** DATA RECORDS follows **

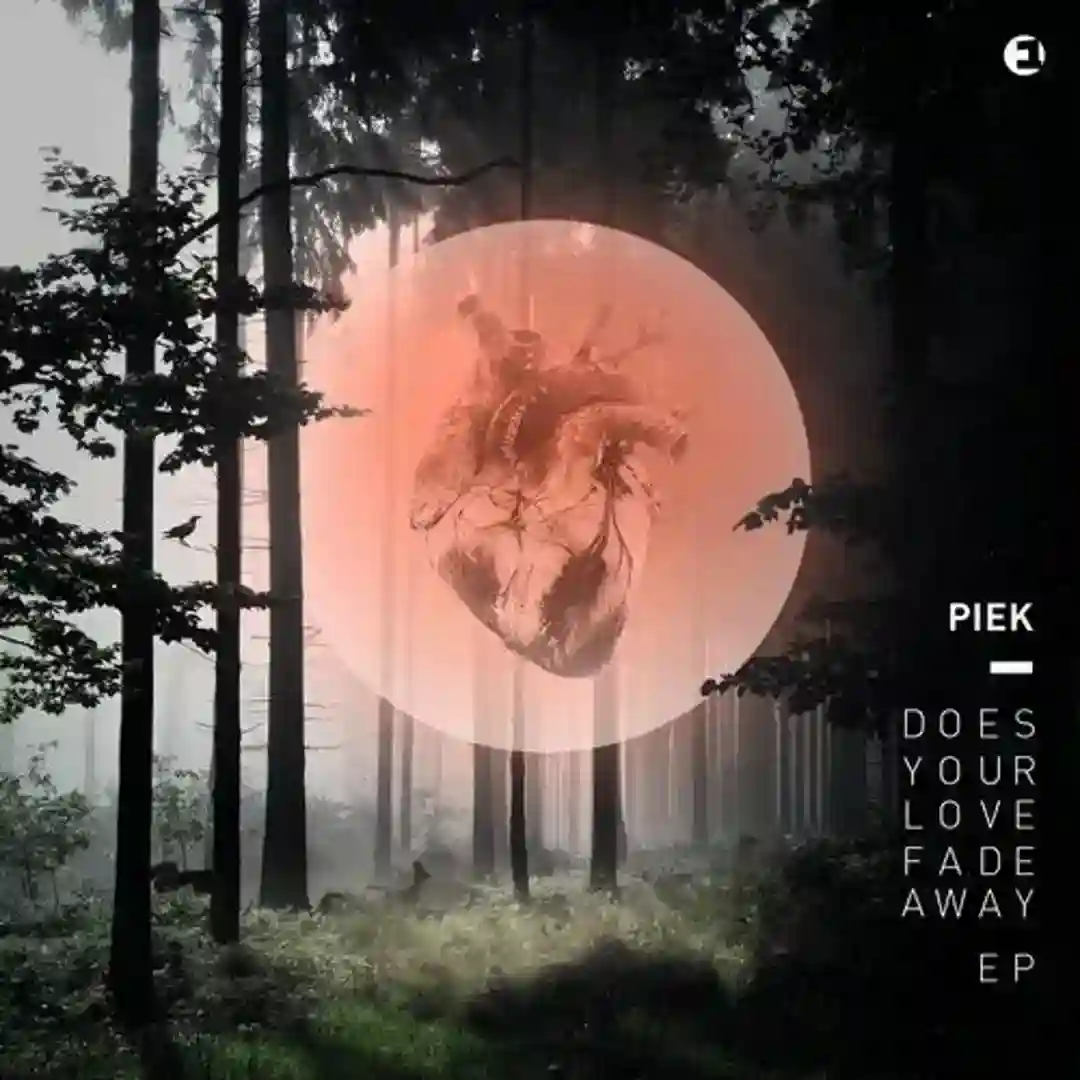 Inside Your Body cover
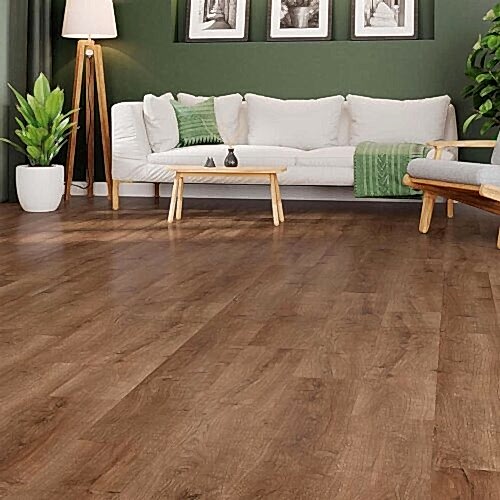 Çamsan Klasik Gediz Meşe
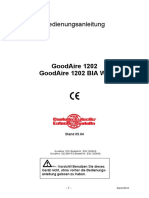 GoodAire_Manual_efd.pdf
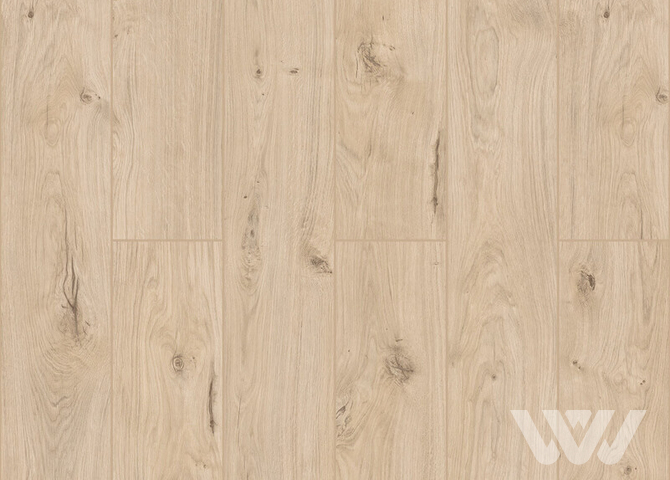 Фото №1 - Ламинат SWISS KRONO INTELLEKT D50747 Дуб Бирта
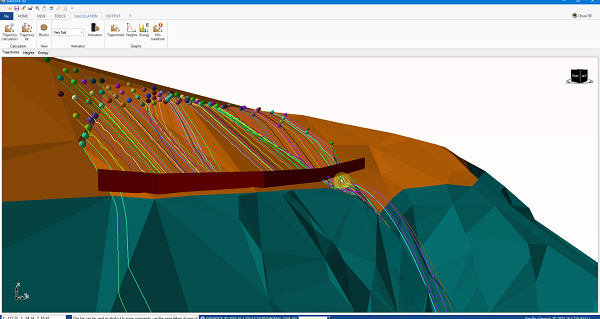 Download GeoStru Products 2022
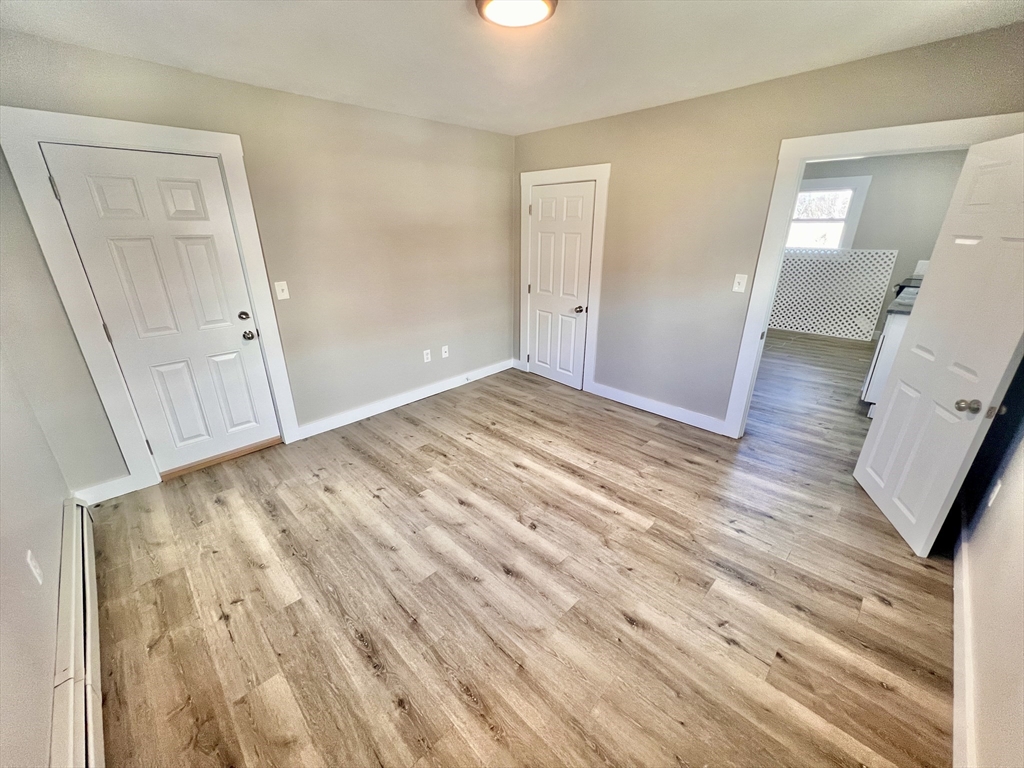 2 bed, 1 bath apartment for rent at 38R Millett St Unit 1, Gloucester — photo 6 of 14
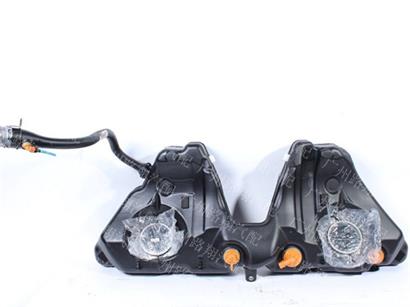 宝马650I油箱-E63-F12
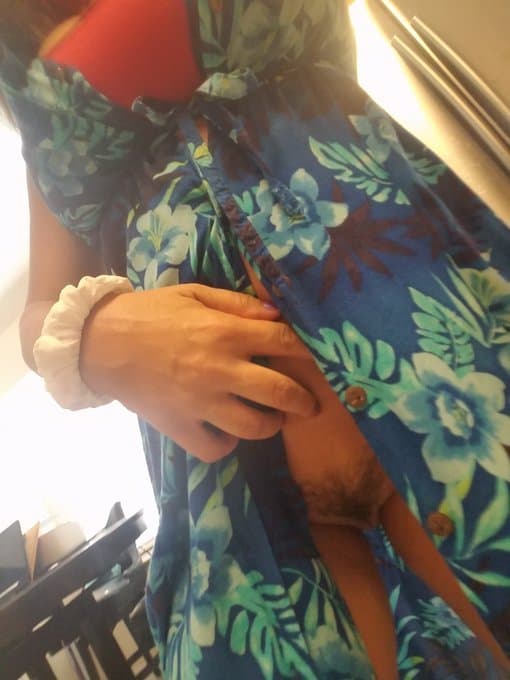 Asia Carrera (old pic and up to date ones)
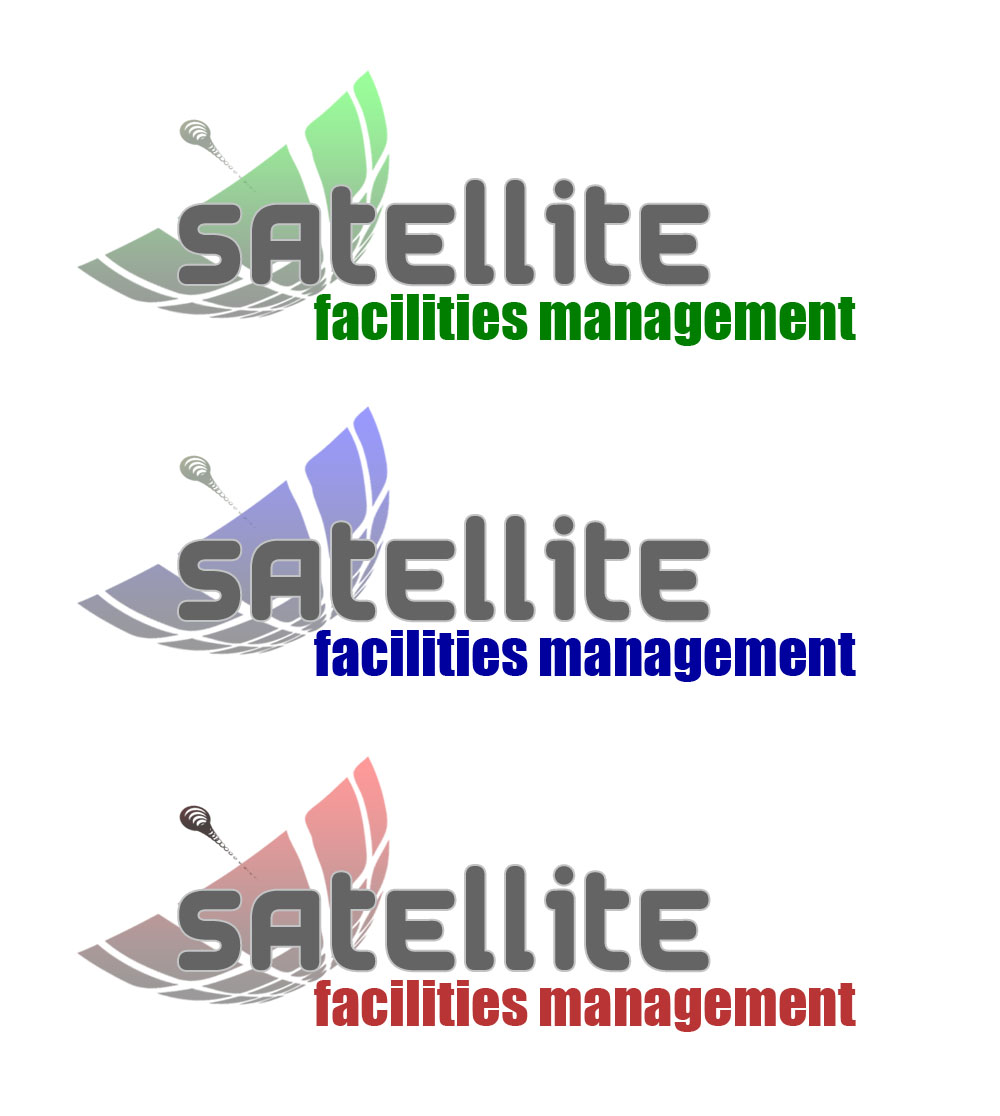 Logo Design by Simone for this project | Design #298235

** End of DATA RECORDS **

#### DIRECTIONS
For this exercise, please reproduce the records above exactly and drop the images.

#### THE COMPLETED TASK
 Inside Your Body cover
 Çamsan Klasik Gediz Meşe
 GoodAire_Manual_efd.pdf
 Фото №1 - Ламинат SWISS KRONO INTELLEKT D50747 Дуб Бирта
 Download GeoStru Products 2022
 2 bed, 1 bath apartment for rent at 38R Millett St Unit 1, Gloucester — photo 6 of 14
 宝马650I油箱-E63-F12
 Asia Carrera (old pic and up to date ones)
 Logo Design by Simone for this project | Design #298235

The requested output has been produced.